In the Lords, Lord Taylor, now chairman of the National Housing Federation, which represents the housing associations across England, said: “I cannot support the Government’s policy on this. I believe it was misjudged in the first place and we are rapidly seeing the proof in the pudding.”
In 2007, Lord Taylor, was asked by Prime Minister Gordon Brown to review the availability of affordable rural housing.
He was one of just two Lib Dem peers to rebel against the Lib Dem party whip and oppose the “bedroom tax” in a debate earlier this month.
He said: “I cannot support something that deprives people of money that, by any standards, they need – the Government do not give people more in benefit than they need to live on – when they have no option to move somewhere else because of the shortage of smaller homes.
“That is quite apart from the fact that to describe these rooms as surplus to need is in many cases simply wrong, and even if they are surplus today, they are often not surplus tomorrow.
“Therefore, for example, a family with young children will have to have those children live in a room together, but after a year they might need to live apart.
“This simply does not make sense.”
He said he “regretted” an amendment to the policy to not strip families of the benefit if a reasonable alternative has not been offered to them failed as it could have given a “much fairer deal”.

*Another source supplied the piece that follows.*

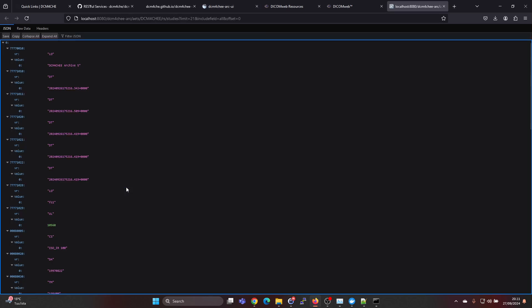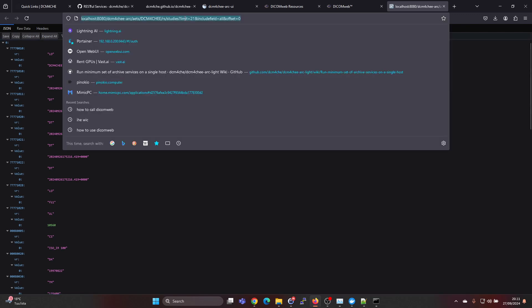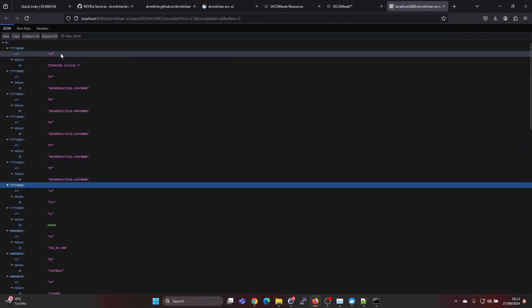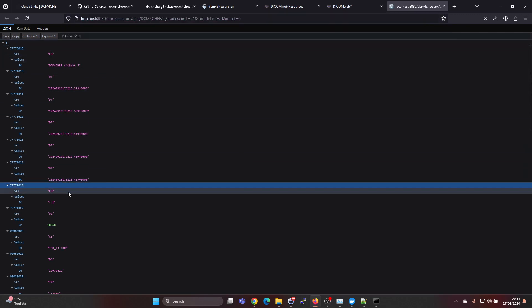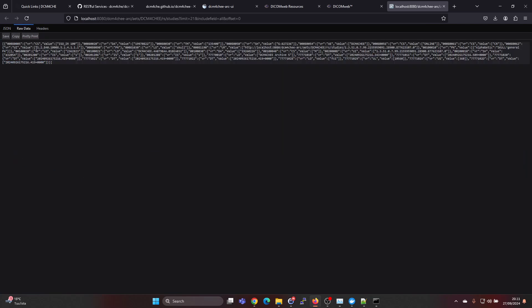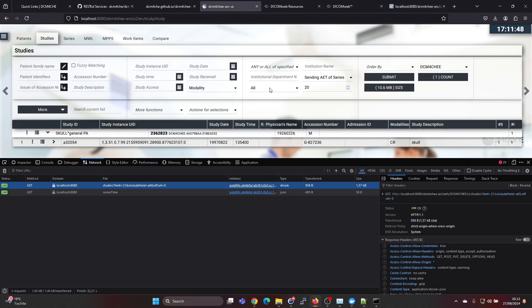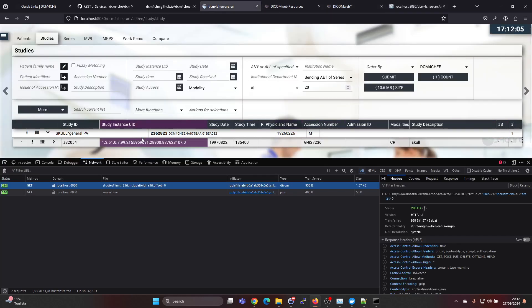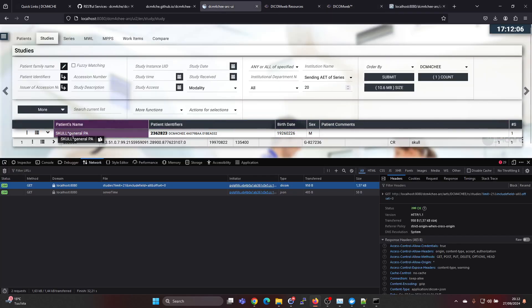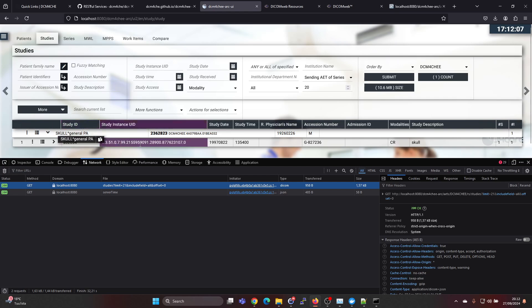If we double click here we can see it in the URL bar and we can see the response in the JSON object and also in this raw data format. Currently the Dicom archive has only one patient with one study.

But he added: “However, the most fundamental reason – the proof of the pudding – is that this is not a saving to government any more than it frees up rooms.
“That is because of the huge cost to housing associations of having to work with individuals to help them, and the cost of the work and the money that the Government have had to put in to support individuals.
“It has removed capacity from the social housing sector to provide more homes. All of the money lost – and, frankly, the arrears that are being built up – will never be gained back from people who have no ability to pay it.
“That simply undermines the capacity to solve the very housing problem which the policy was theoretically meant to address but has failed to do.”